Opening the carbon isotope "vital effect" black box, 2, Quantitative model for interpreting foraminiferal carbon isotope data

Abstract
Interpretation of carbon isotope records from late Quaternary planktonic foraminifers are confounded due to the presence of a significant physiological component in the carbon isotopic signal. A quantitative carbon isotope (QC) model is presented which relates the carbon isotopic composition of a foraminiferal shell to the physiological processes of respiration and symbiont photosynthesis and to the δ13C value of seawater ΣCO2. The QC model is calibrated with physiological and stable isotopic data from laboratory experiments with living planktonic foraminifers.

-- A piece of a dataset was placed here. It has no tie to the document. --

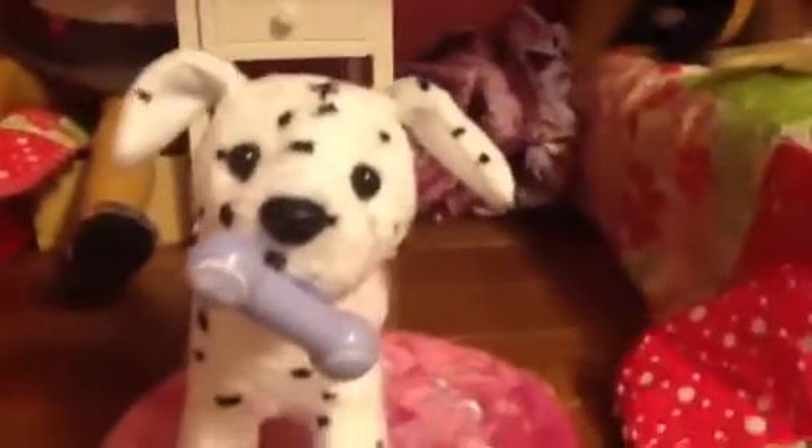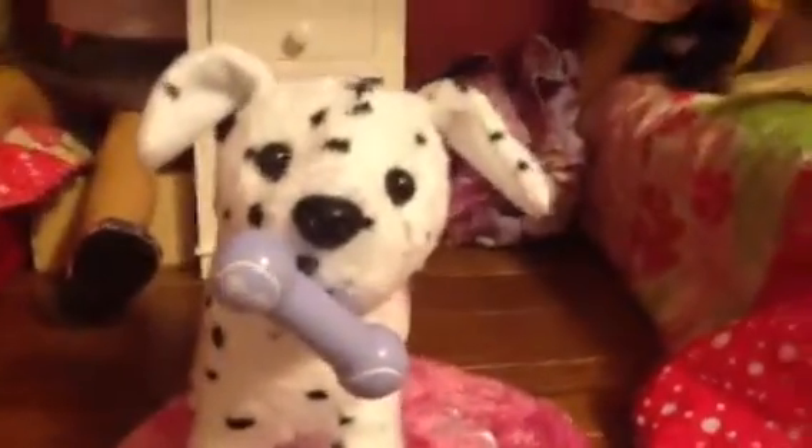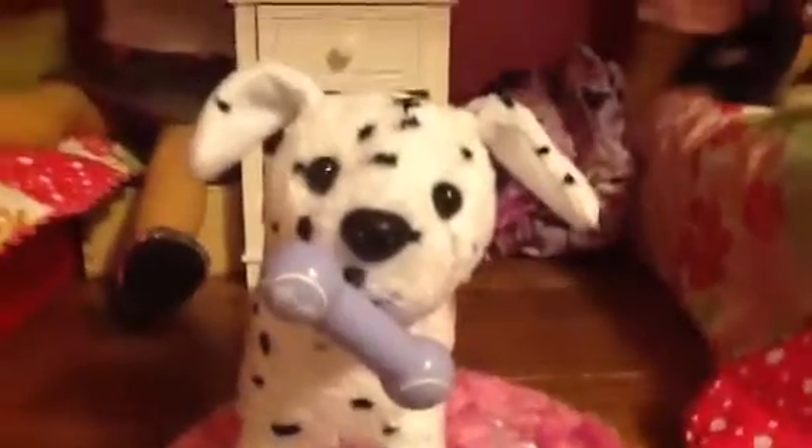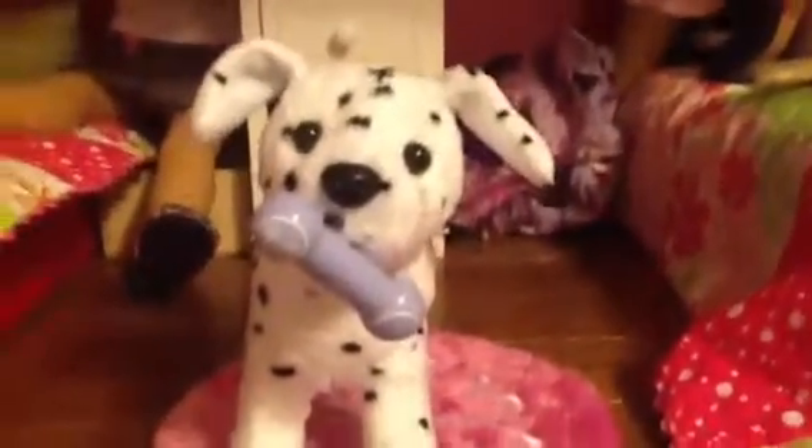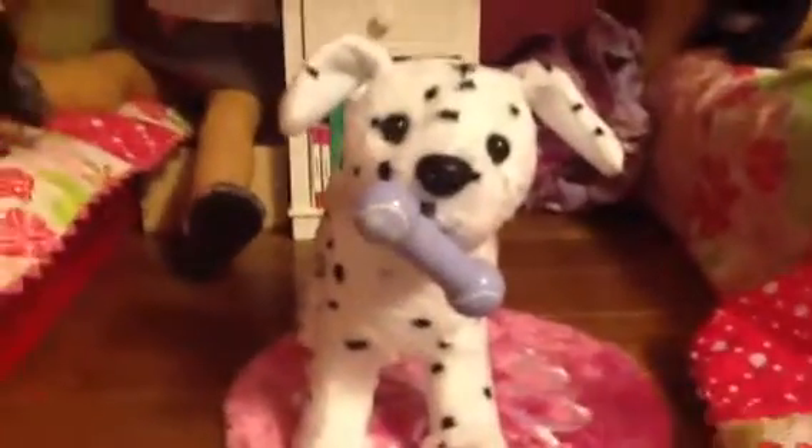If you've been following my Instagram, or if you've seen a couple past videos about the American Girl Place Boston meetup, you'd see that I got the new Dalmatian puppy, which I think is just too cute. I really like him.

Model simulations of chamber and shell δ13C values with the symbiont‐bearing foraminifers, Orbulina universa and Globigerinoides sacculifer, suggest (1) variations in symbiont density and photosynthetic rate (light level or habitat depth) are the primary physiological parameters controlling intraspecific carbon isotopic variability in these species, (2) respiration has little effect on the δ13C of O. universa, and (3) each chamber in a multichambered foraminiferal test will have a distinct δ13C value depending on its position in the test whorl. Size:δ13C value relationships reported for G. sacculifer from fossil assemblages can be explained as a function of increasing symbiont density during ontogenetic development.